Tom Lewis struggles to replicate first round form
Surprise amateur contender Tom Lewis showed he had the grit to go with his guile after refusing to allow his Open dream to fall apart with one bad round.
Teeing off as joint leader at five under in sunny, flat-calm conditions the 20-year-old, winner of 2009 Boys Amateur Championship at Royal St George's, would have expected to have gone further into red figures.
However, where he had been sublime yesterday - shooting the lowest round by an amateur in the tournament's 140-year history - it soon became apparent this was a very different day.
There were some moments of bad luck and others of hesitancy but he battled through a number of wobbles to card a four-over 74, which dropped him back to one under but kept him in contention.
"I think if you asked me that two days ago I would have taken it, but at this moment it doesn't feel so good," said the Welwyn Garden City golfer, who won a qualifier at Rye to book a place at his first major.

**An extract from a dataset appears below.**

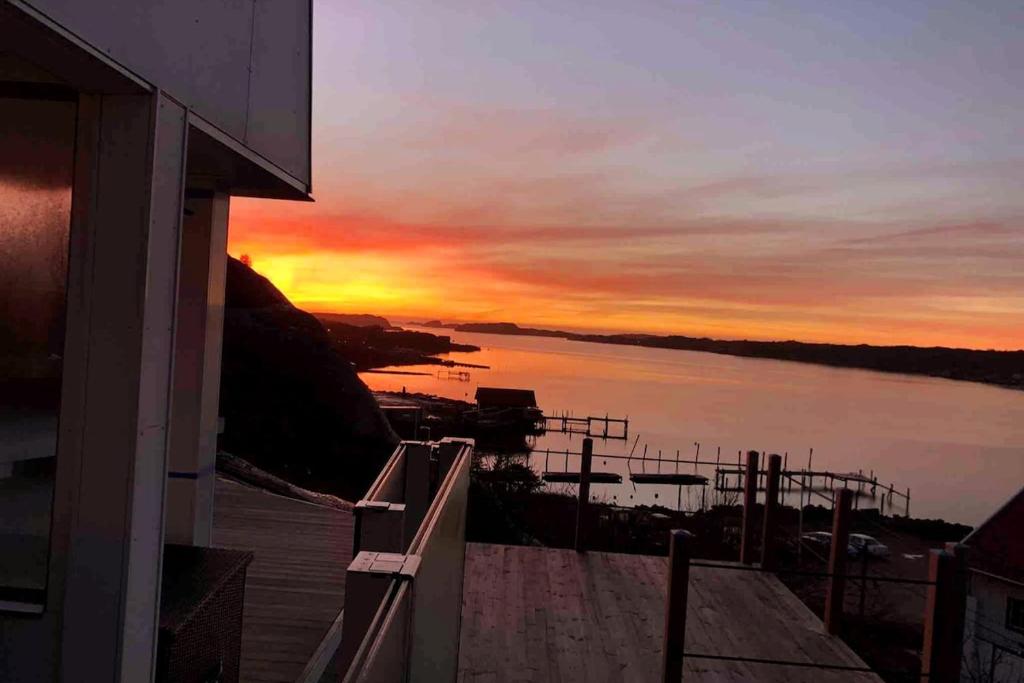 a sunset over a body of water with a building at Magical premium home in the best location in Bovallstrand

"Four over is not a great score but hopefully I can have two good scores at the weekend.
"I had to limit the damage and I felt there was loads of it out there.
"Every hole felt like there was something because the way I was hitting it wasn't great."
Lewis saw his 61-year-old playing partner Tom Watson, a five-time Open winner, outscore him by four.
But playing alongside the veteran for a second day had its benefits as he was able to glean even more information from the American about playing majors on links courses.
"When I was making mistakes and limiting double bogeys to bogeys and holing par putts he was really nice," added Lewis.
"He gave me some advice around the course, it was really good of him to share them as not many people can get that time with him."
Lewis did not have much time to take in the enormity of his round yesterday but if he was under any illusion as to how big a name he made for himself it became clear on the short walk from the practice green to the first tee when his every stride was followed by a television camera inches from his face.
Having eased any nerves with a pair of solid two-putt pars from distance he missed a perfect chance to get his round going at the short third.
Having demonstrated his experience of links golf by using the ridge in the middle of the green to roll his ball back to within six feet, he left a nervy downhill putt short.
His patience was tested further at the next when, after an unfortunate bounce, his escape from a fairway bunker caught the lip and carried just five yards.
With a TV crew zooming in on his misfortune he recovered his composure to drill an iron onto the green but faced with a monster putt he could not prevent the dropped shot.
Playing partner Watson showed how it should be done, hitting driver, three wood and securing his par with a chip and a putt.
He left another cautious 20-foot putt in the jaws of the hole at the next and, having watched Watson ace the 161-yard sixth, pulled his iron into the left rough from where he failed to get up and down.
The downwind par-five next presented the perfect opportunity to claim a shot back but his 18-foot eagle putt skirted the edge of the hole and he missed the one coming back.
Lewis was scrambling around the turn, holing par putts from 30 feet and 15ft at 10 and 11 but his resilience was broken at the 381-yard 12th when he missed the green with his approach and paid the penalty.
He birdied the next but dropped shots at the 17th and 18th, fortuitously hitting a fence post at the back of the final green which prevented his ball going out of bounds and creating more damage, although his chip off a stony path was always going to be difficult.
Watson's words of wisdom for Lewis was really advice for the future.
"Don't get too complicated in your life. You can get it very complicated by adding a lot of people and a lot of things in your mind," said the veteran.
"Keeping it pretty simple is keeping the mind free of clutter. You don't need the clutter."